Of course, you may be required to take required minimum distributions (RMDs), and you may also depend on retirement withdrawals to fund your expenses. But following the popular 4% rule of thumb — plan on withdrawing 4% of your retirement savings each year — in early retirement could leave your money vulnerable during a bear market, Ibbotson argues. “Since you can’t predict when a downswing will occur, it’s best to be conservative during early retirement, when you don’t have the luxury of time and human capital potential to make up the difference,” he says.
Consider Alternate Retirement Income Streams To Ride Out A Market Downturn
In addition to de-risking your portfolio, it may be smart to consider alternate income streams that won’t make you overly dependent on portfolio withdrawals in early retirement, says Ibbotson. “There’s a longevity risk to consider as well, which means that you may need money to last for thirty plus years,” he says.
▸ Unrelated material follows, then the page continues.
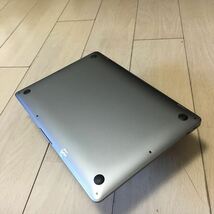 2020年モデル! 545）Apple MacBook Air 13インチ 2020 Core i5 1.1GHz/RAM 8GB/SSD 256GB（140545）_画像6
Some ways to mitigate longevity risk — and put yourself in a stronger position to ride out a potential bear market — include working into retirement to provide a source of cash flow (which may also eliminate the need to take out RMDs on your 401(k)), making sure you’re maximizing Social Security benefits or downshifting and earmarking that money as funds for your early retirement, giving your nest egg more time to grow. Depending on your circumstances, a HELOC or second mortgage taken in early retirement can also help safeguard your retirement savings, says Ibbotson. Even lowering your withdrawal rate slightly in the first years of retirement can protect your savings from a market downturn during those early years.
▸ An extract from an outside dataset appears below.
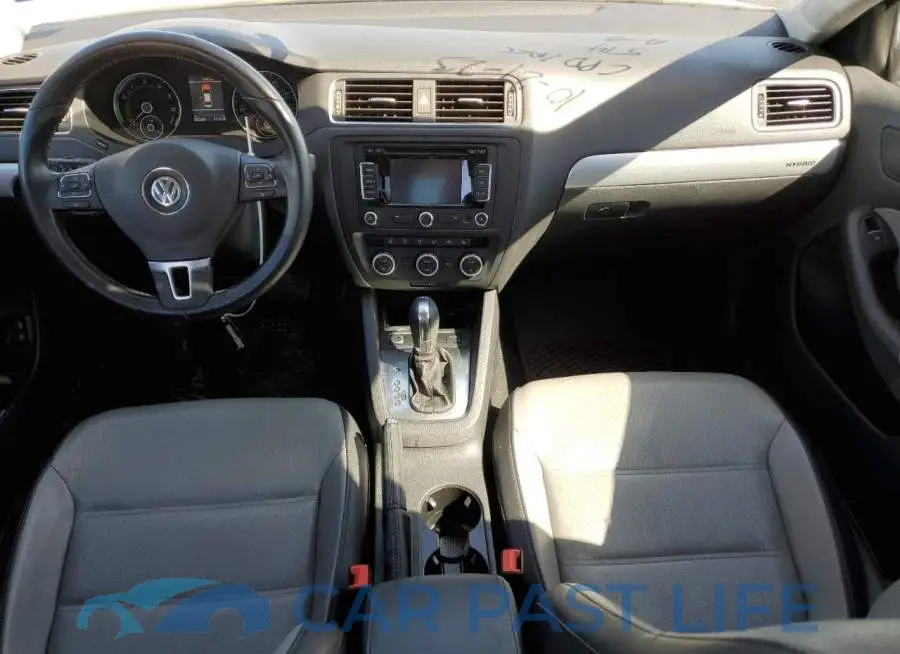3VW637AJ8EM209103# 8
Consider “Laddering” Bonds And Annuities
While bonds may have lower rates of return than stocks, their low risk and guaranteed principal return can be one way to de-risk your portfolio. One strategy to consider is called a bond ladder, says Ibbotson. This is a set of bonds purchased specifically to mature in different years, so instead of investing in a single $100,000 bond, you might invest in ten $10,000 bonds. One might mature in one year, another in three, another in five and so on, diversifying cash flow and protecting against market dips.
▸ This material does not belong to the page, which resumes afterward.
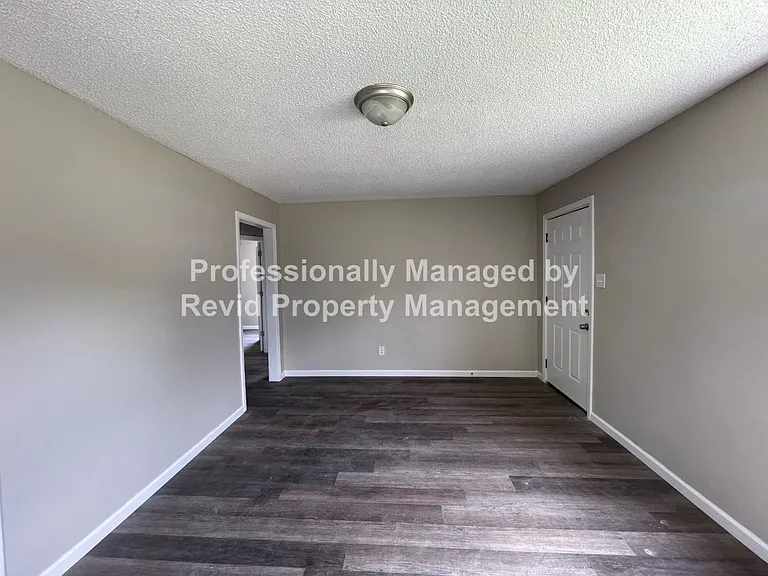 1882 E Person Ave — Photo 10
The same is true for annuities. Annuities can be purchased over a period of years and purchased from an array of insurance companies, which can minimize the risks of market fluctuations or the underperformance of one insurer. Annuities can be purchased as a fixed, variable or hybrid product, with aspects of both fixed and variable annuities. One popular example of a hybrid annuity product is a fixed-indexed annuity (FIA). Fixed annuities guarantee both an interest rate — around 2.5 to 3.5% as of publication date — as well as the principal. Variable annuities are typically riskier, as neither the interest nor the principal is guaranteed. Meanwhile, a product such as an FIA guarantees a stated return on the investment along with an investment return based on market performance. As the annuity reaches the annuitization stage, this money can then be used as income.
Keep Plans Flexible
Strategy exists so you can change course if necessary. Having several options for how to weather a stock market slump can help ensure you won’t run out of savings. As with any retirement planning options, speaking with a financial advisor can help you navigate the best course of action for you, your money and your retirement goals.
This content was brought to you by Impact PartnersVoice. Certain opinions expressed herein are those of Professor Roger Ibbotson and/or others acting in an academic and/or research-related capacity and not as a representative or on behalf of Zebra Capital Management, LLC (“Zebra Capital”). Roger Ibbotson is Professor in the Practice Emeritus of Finance at the Yale School of Management and the Chairman and Chief Investment Officer of Zebra Capital.
Annuities have limitations. They are long-term vehicles designed for retirement purposes. They are not intended to replace emergency funds, be used as income for day-to-day expenses or fund short-term savings goals. All guarantees and protections are subject to the claims-paying ability of the insurer. You should read the contract for complete details.
This material is not a recommendation to buy, sell, hold or roll over any asset, adopt a financial strategy or purchase an annuity policy. It does not take into account the specific objectives, tax and financial conditions or particular needs of any specific person. You should work with a financial professional to discuss your specific situation.
The content herein includes the results of academic research conducted by Professor Ibbotson and others outside of the services provided by Zebra Capital and which may have been funded, in whole or in part, by parties unaffiliated with Zebra Capital. The results of that research should not be considered as having any relevant or material financial bearing on the services provided by Zebra Capital.
Zebra Capital is entitled to receive certain compensation in consideration for, among other things, the granting of certain license rights and/or sub-licensing rights of certain of its intellectual and other property rights to one or more third parties for the creation, sponsorship, compilation, maintenance and calculation, among other things, of one or more indices to which certain fixed indexed annuities make reference.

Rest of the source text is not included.